Vandaag heeft het Europees Parlement in ieder geval groen licht gegeven voor de European Markets Infrastructure Regulation (EMIR). Ik hoor daarop graag een reactie van de staatssecretaris. Is hij bovendien bereid om te pleiten voor het vergroten van de capaciteit en deskundigheid van de Europese markttoezichthouder, de ESMA? Die moeten vergelijkbaar worden met de capaciteit en deskundigheid van de CFTC in de Verenigde Staten. Ook op dit punt hoor ik graag een reactie van de staatssecretaris.

De staatssecretaris pleit voor voedselvoorraden om de prijzen te dempen, maar het is van belang dat vooral ontwikkelingslanden kunnen dempen. Alleen als ontwikkelingslanden voorraden kunnen aanleggen en hierin worden ondersteund, kan ook de EU dat doen. De hoge voedselprijzen zijn zowel voor Europese boeren als voor boeren uit ontwikkelingslanden zeer schadelijk.

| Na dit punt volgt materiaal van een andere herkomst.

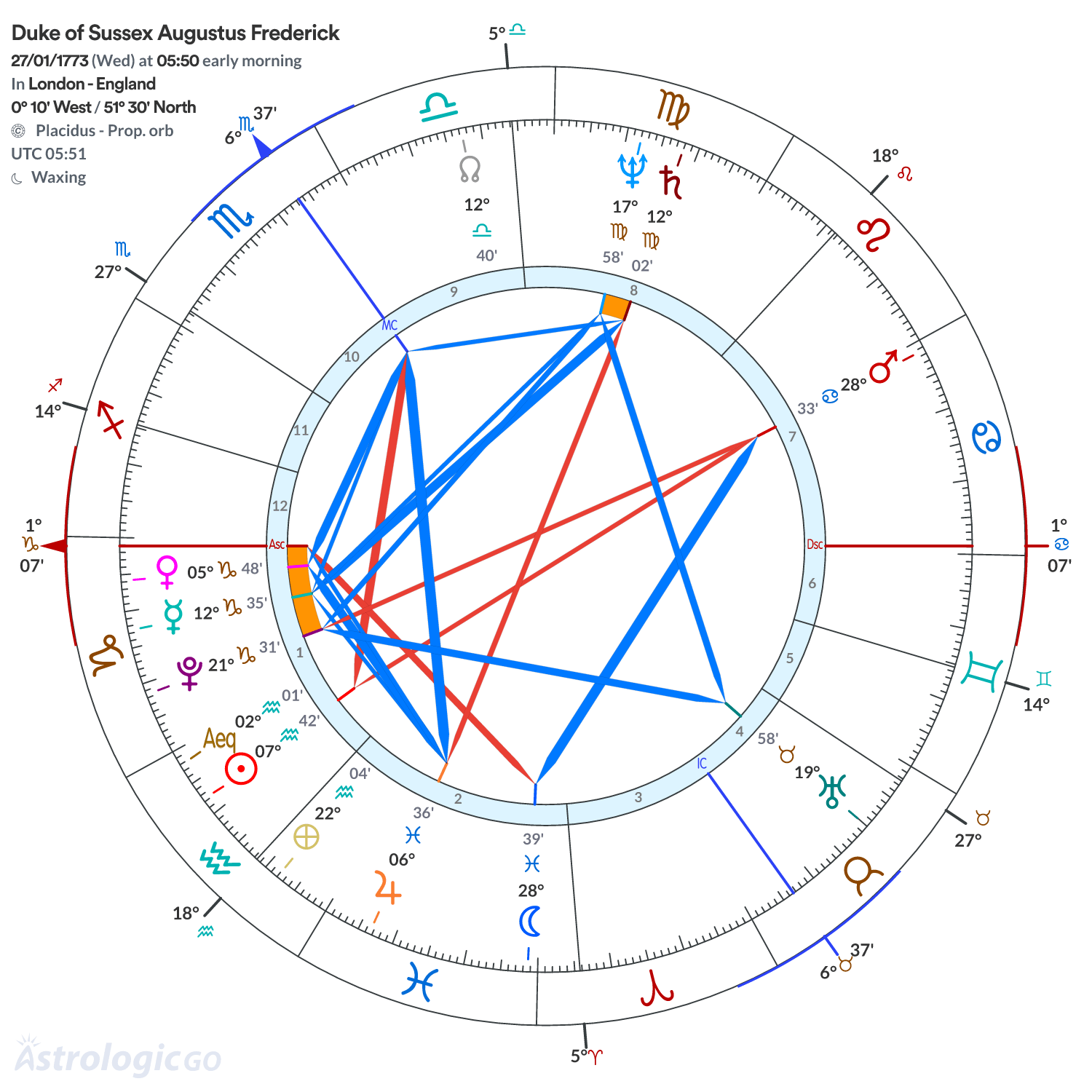 Chart wheel - Duke of Sussex Augustus Frederick
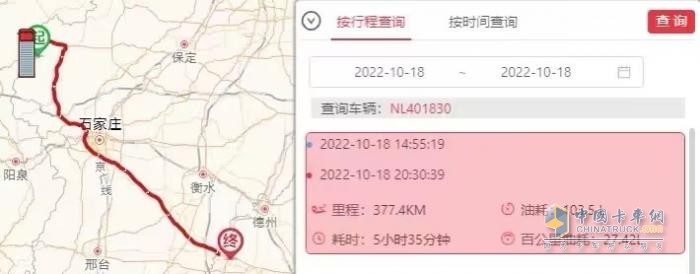 免費升艙，乘龍T7限時購車福利，四大難題一站式解決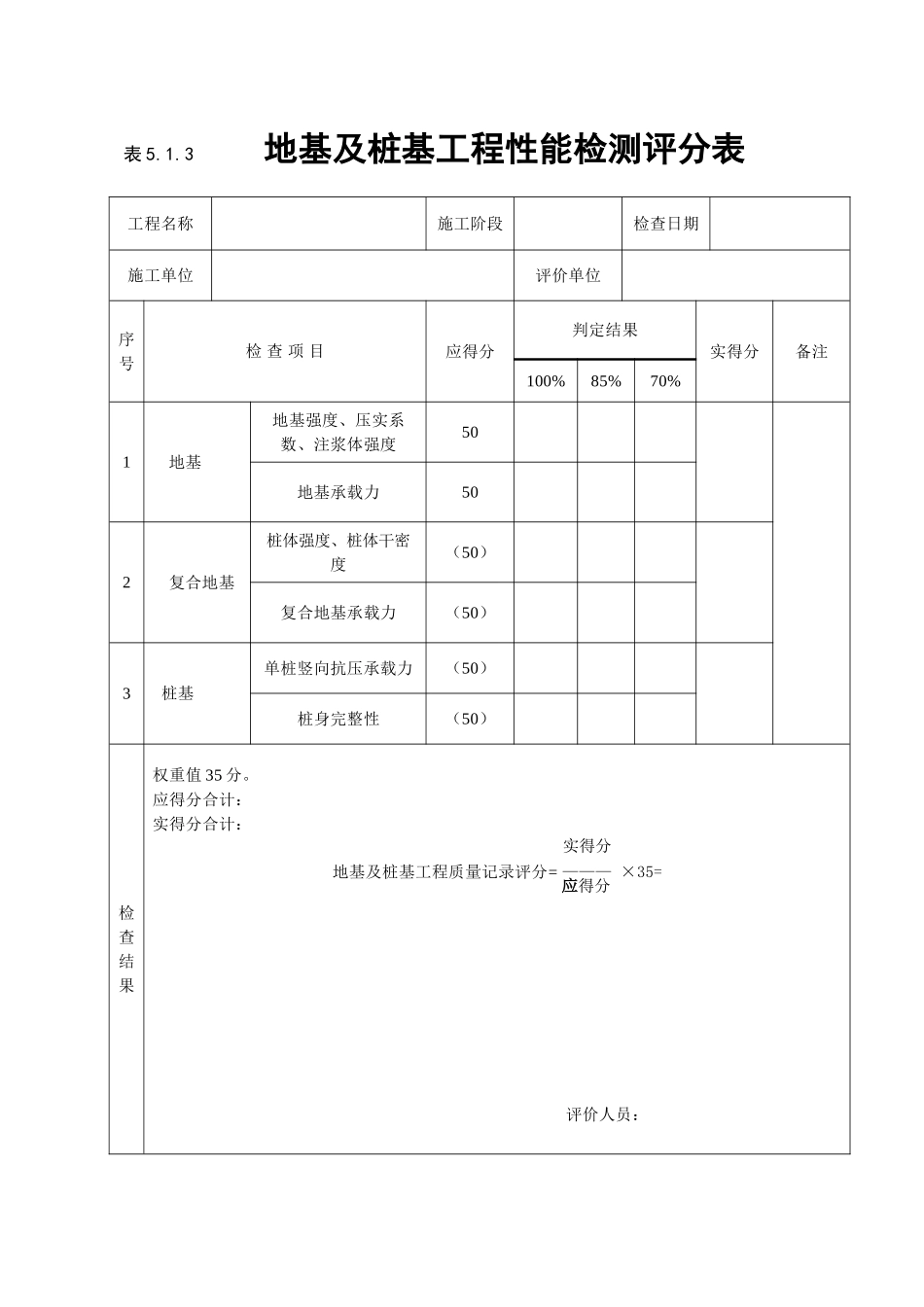 《建筑工程施工质量评价标准》(评分表格)(DOC43页)_第2页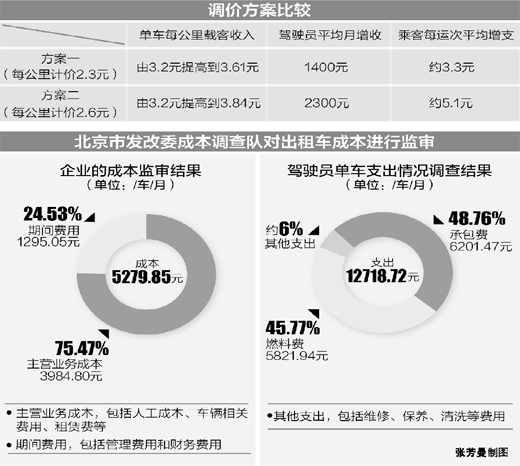 北京聽(tīng)證出租車(chē)調(diào)價(jià)：爭(zhēng)議聚焦?jié)q多漲少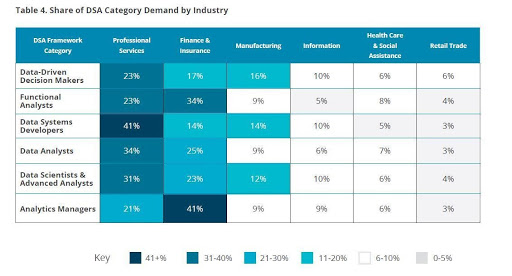 Jobs Distribution By Industry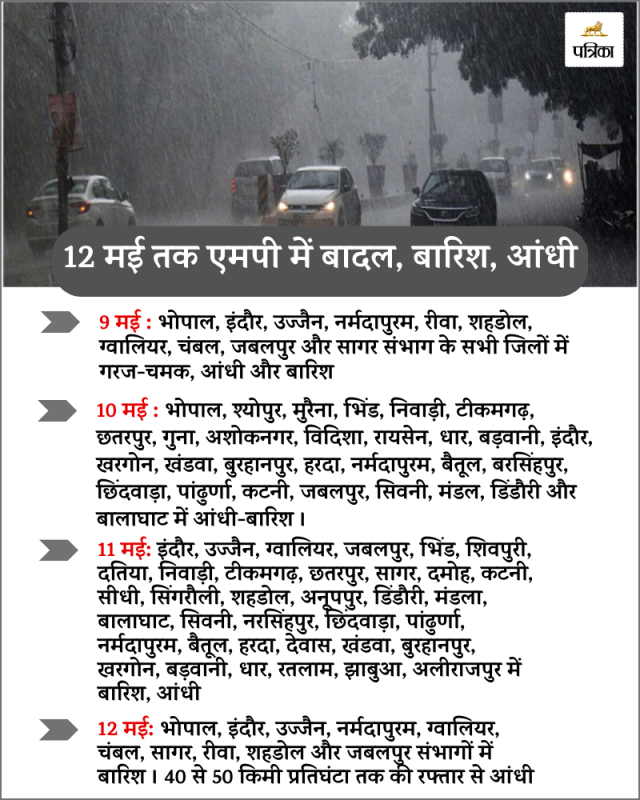 MP Weather Alert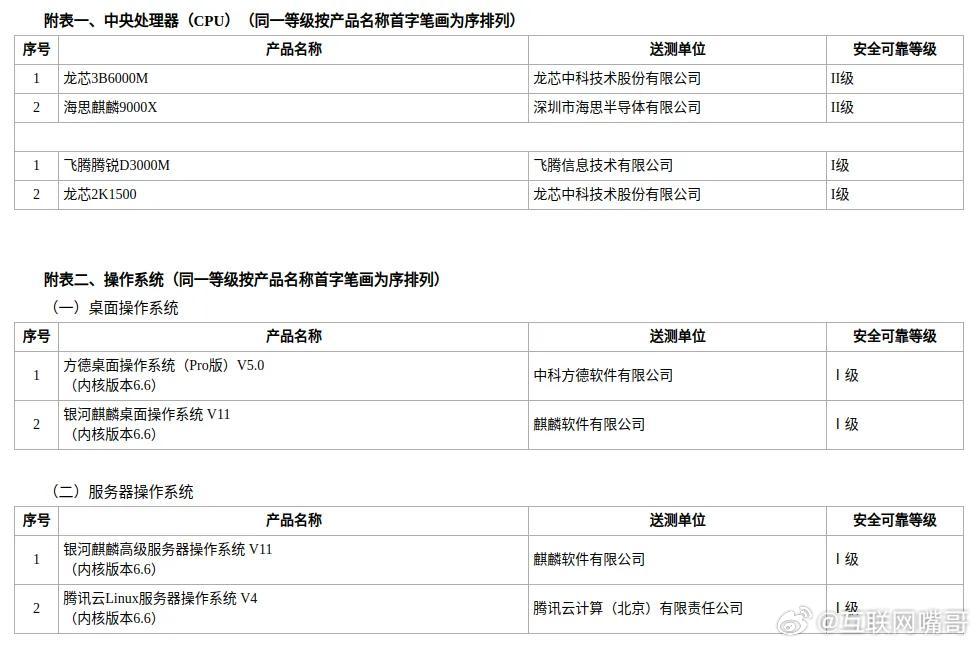 安全可靠评测结果更新，龙芯3B6000M和华为麒麟9000X评为II级，飞腾D3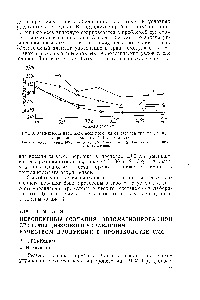 Granularea pulberilor - ghidul chimistului 21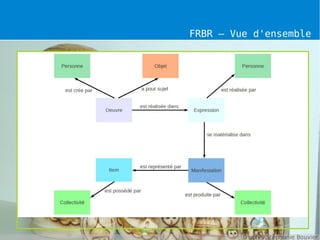 FRBR / RDA
FRBR – Vue d'ensemble




         D'après Stéphanie Bouvier
 
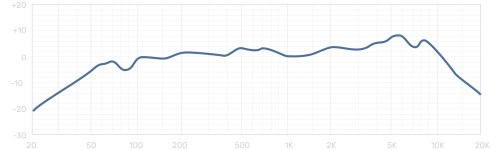 DX2-capsule-1-F-uai-1920x576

Het tempo van het versneld bijmengen van biobrandstoffen dat staatssecretaris Atsma aankondigt, is volgens mijn fractie onrealistisch. Criteria voor duurzame biomassa zijn van tafel geveegd. Dat heeft enorme milieu- en klimaatschade tot gevolg en het bedreigt de voedselzekerheid. Een hoger tempo zorgt voor nog grotere problemen. Hoe gaat de staatssecretaris dit een halt toeroepen en ervoor zorgen dat de voedselzekerheid van Afrika niet verder lijdt onder zijn drang om het tempo op te voeren? Waarom wachten we niet op de evaluatie van het biobrandstoffenbeleid in 2014, waarin wordt getoetst op de effecten voor voedselprijzen, landrechten en arbeidsomstandigheden?

In ontwikkelingslanden wordt intussen steeds meer land opgekocht door overheden en bedrijven, waarbij boeren onrechtmatig van hun land worden verdreven en van hun inkomsten worden beroofd zonder compensatie. Nederland heeft zich ingezet voor de totstandkoming van de vrijwillige richtlijnen tegen landroof van de Committee on World Food Security (CFS). Dat is natuurlijk heel goed, maar is de staatssecretaris ook bereid om de CFS-richtlijnen op te nemen in het bedrijfsleveninstrumentarium? Ik overweeg hierover een motie in te dienen.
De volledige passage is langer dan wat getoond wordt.